The Pros & Cons of Freelancing

by Kate Vandeveld

As you may know, the freelance economy is booming these days, with freelancers set to outnumber full-time employees by 2020.

As freelancers ourselves, many of us hear the same question from our networks over and over again: “Do you think I should try it?” The answer might seem simple to other freelancers (yes!), but the truth is…freelancing is not for everyone.

Pros & Cons of Freelancing - via WhyWhisper Collective

As with almost everything, freelancing has its pros and cons. Since we’re familiar with both sides of the story, we’re happy to share our thoughts on the subject. Let’s start with some of the benefits:

All Kinds of Freedom

This one tops the list. With freelancing comes freedom of all kinds. Freelancers have the freedom to create their own schedules, so they can choose to work at the times of day when they’re most effective, rather than forcing themselves to work at pre-determined times. They can go for a walk on a beautiful day, grab a long lunch with a friend, or just take a break when they aren’t feeling particularly productive. When you freelance, not only do you get to choose when you work, but where you work as well. Are you more productive at home? Go for it. Need to be around others? Try a co-working space or a coffee shop. You can develop your own routine, or opt to mix it up. Plus, as a freelancer, you aren’t confined to a limited number of vacation days. Most of the time, freelancers can work from anywhere with a Wifi connection, so you can travel anywhere without disrupting your workflow.

Perhaps even more important than choosing when and where you work is choosing who you work with and for. At WhyWhisper, we prioritize working with the right people and organizations. We choose to work with individuals who are kind, collaborative, and passionate above all else, and with businesses and organizations that are making a positive impact on society. Before setting out on your own, define the types of people, companies, and organizations with whom you feel you would work well.


Uninhibited Growth

As a freelancer, you have the opportunity to grow your career in whatever direction you desire, creating your own opportunities for advancement. In a corporate environment, your career development is often bound by internal structure and protocol. Though you can advocate for a promotion or more responsibility, it’s not always in your control. When you work for yourself, you can choose how much you want to take on and decide how much you want to charge for your services. It’s not always this simple, but generally, the more you put into your work, the more you can get out of it. 

Speaking of rates, freelancers also tend to make more than salaried employees, on average. In fact, the average freelancer makes 45% more than the average full-time employee. Of course, this depends entirely on your skill-set, experience, and the number of projects you are able to take on, and it doesn’t account for benefits, but the possibility of making more is there. 



When you work eight or more hours each day, one of the hardest things to achieve is balance. You’re working on someone else’s schedule, so it can be difficult to incorporate the things that keep you happy and healthy. Because employee satisfaction has such a strong correlation with productivity, many companies have worked to develop corporate wellness programs in recent years. But when you work for yourself, you don’t need corporate wellness programs – you can do yoga at 10am when classes aren’t full, or wake up and go for a jog on a nice morning. When you’re a freelancer, you have the ability to determine what work-life balance means to you, and develop a schedule that achieves it.

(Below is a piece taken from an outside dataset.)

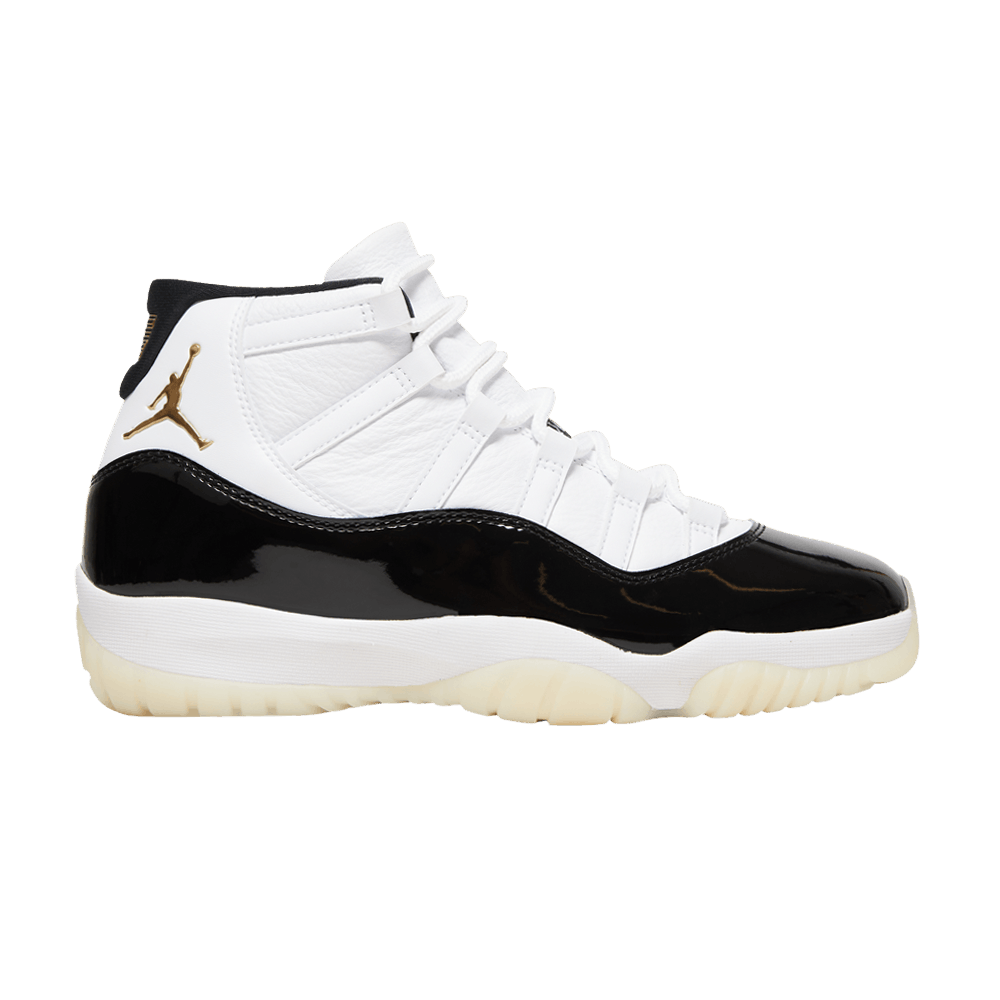 Nike Air Jordan 11 "Gratitude" - Shop now at au.sell store in Australia with free shipping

Pros & Cons of Freelancing -- via WhyWhisper Collective


Now, let’s take a look at some of the drawbacks, as we see them:


Most would say that one of the biggest cons of freelancing is the lack of reliable cash flow. When your projects vary month-to-month, so does your income, which can be difficult to manage for some, especially at the beginning.

This means that, as a freelancer, you almost always have to be making moves and selling your skillset. It can be fun – you learn a lot, and have the opportunity to meet cool people almost every day, if you’re lucky. But sometimes, it can be exhausting. As a freelancer, you’re a salesperson, and what you’re selling is your own skills. Making the case for yourself repeatedly can be tough, but as you get more confident in your abilities, you’ll likely find that you’re able to speak to your skillsets more readily and your reputation will spread among your network and beyond, solely by word of mouth recommendations.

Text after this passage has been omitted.